The temperatures have been rising lately. Warmer weather and intense solar radiation combine to melt glacial ice and snow patches. The melt water then runs down-gradient forming streams! The stream team monitors these streams to account for how much water is flowing, where it is going, and when it is going there. A major responsibility of the Stream Team is measuring stream *discharge* at many sites throughout the Dry Valleys.

A stream’s *discharge* is the *volume* of water passing a cross section of stream per unit *time*. Discharge is always expressed as volume/time (e.g. litres per second, cubic feet per second, cubic meters per second, etc.). Instead of a river, let’s think about your kitchen faucet. If you turn the faucet on and allow water to pour into a measuring cup for 30 seconds, then turn the faucet off, you’d be left with some *volume* of water (you can measure this, of course!). To calculate the *discharge* of your faucet, simply divide the *volume* of water collected by the *time* it took to collect the water (30 seconds).

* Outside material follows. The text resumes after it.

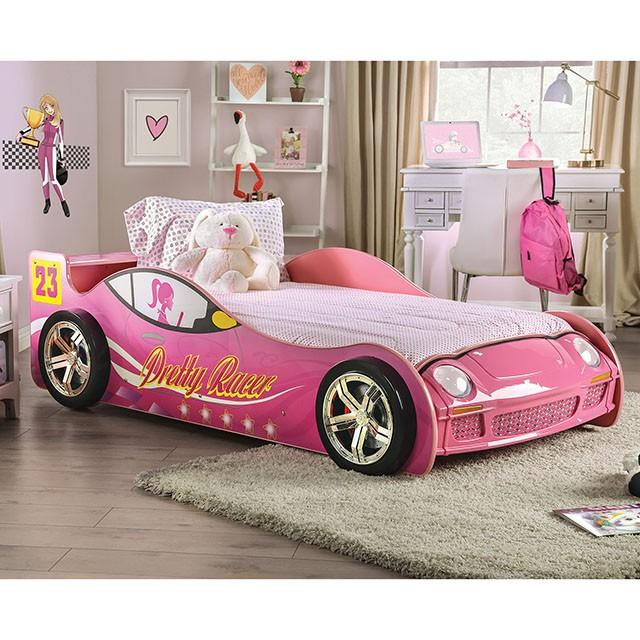 Velostra Twin Bed - Time 2 Sleep (West Covina, CA)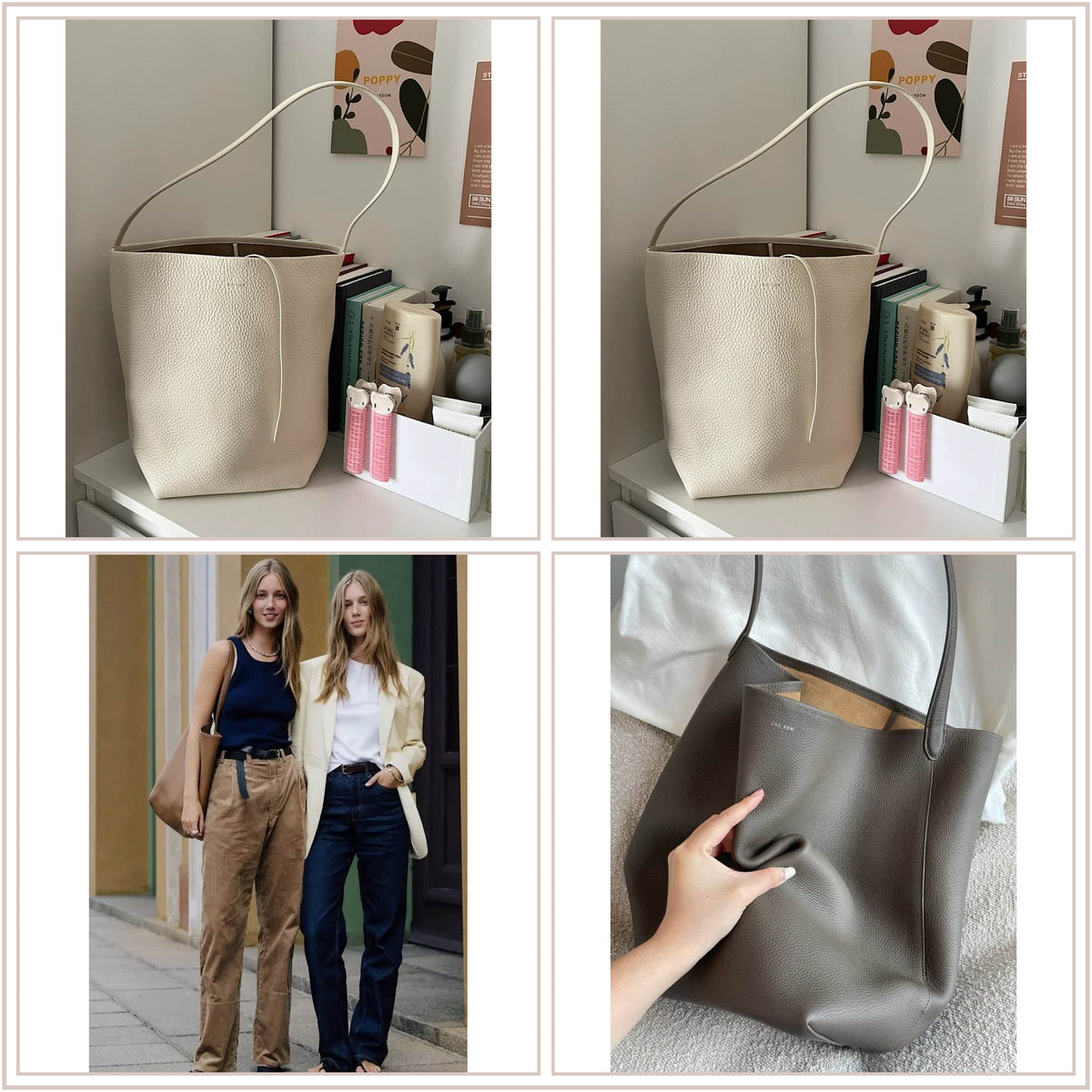 LuxySell The Row Bags 469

When we want to calculate the discharge of a stream or a river, we would likely need a very large measuring cup to collect all of the water coming downstream for any period of time! So, we use a different approach. Turns out, we can also calculate *discharge *by multiplying the *velocity* of stream water by the cross-sectional *area* of the stream channel. *Velocity *is always expressed as length per time and *area* is always expressed as length squared. Multiplying *velocity *by *area*, we get *volume per time *(e.g. litres per second, cubic feet per second, cubic meters per second, etc.). Simply a different path to the same result – a *discharge* measurement!

My friends and I have been graciously trusted with fancy and expensive instruments, which can accurately measure the velocity of flowing stream water, as well as the cross-sectional area of the stream channel. So, whenever we have the chance to visit a stream, we can easily measure discharge. But, we cant be everywhere all the time. So the dilemma arises – How can we know the discharge of many streams in the Dry Valleys all the time?

Turns out, my friends and I have also been graciously trusted with fancy devices that measure the height of water flowing over top of them. We call these devices “stage loggers,” because they can continuously measure the stage (i.e. height) of water, and store the measurements on a small computer chip (data logger). We can deploy a stage logger in a stream and then walk away, knowing that we’ll return to a wealth of data, telling us the height of water in the stream over time. So, lets recap a bit. We are able to measure the discharge of the stream sometimes, but we can measure the stage of a stream all the time.

We use something called “rating curves,” to relate stream stage to stream discharge. “Rating curves,” are mathematical relationships (*discharge = f(stage)*) between stage and discharge, which allow us to estimate a stream’s discharge, given a steam’s stage. To establish these relationships, we maintain and build control structures. Control structures are built to back-up flowing water behind the structure. This enables us to get very accurate stage measurements at very low flows and very high flows, alike. Below is a photo of our team, working on a control structure located on the Onyx River. Usually these are constructed out of sand bags and rocks.

That’s the brief basics of measuring discharge with rating-curves!

Cheers,

Adam

p.s science is the bees knees, dude.